Instructions for the task =
Everything from the line that contains "What kind of" to the final line of the data, both ends included, must be set down exactly, apart from the pictures.

Provided material =
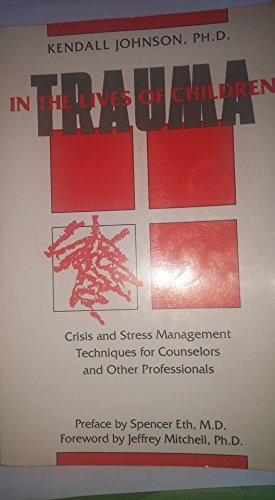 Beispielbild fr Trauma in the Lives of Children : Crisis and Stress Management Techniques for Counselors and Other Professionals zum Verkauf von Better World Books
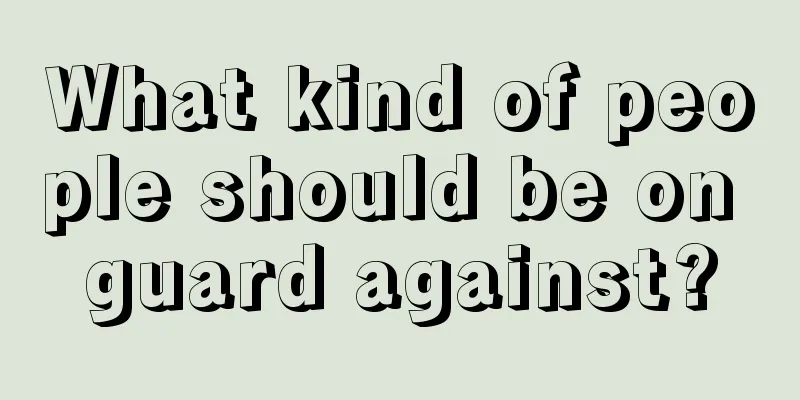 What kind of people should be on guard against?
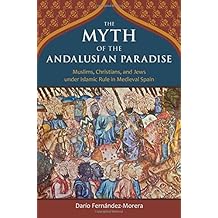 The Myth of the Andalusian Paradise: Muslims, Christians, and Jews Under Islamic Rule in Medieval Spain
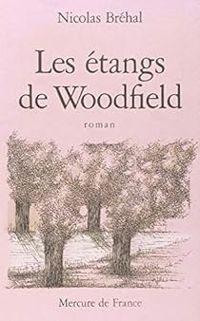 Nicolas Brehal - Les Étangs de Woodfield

Expected answer =
 What kind of people should be on guard against?
 The Myth of the Andalusian Paradise: Muslims, Christians, and Jews Under Islamic Rule in Medieval Spain
 Nicolas Brehal - Les Étangs de Woodfield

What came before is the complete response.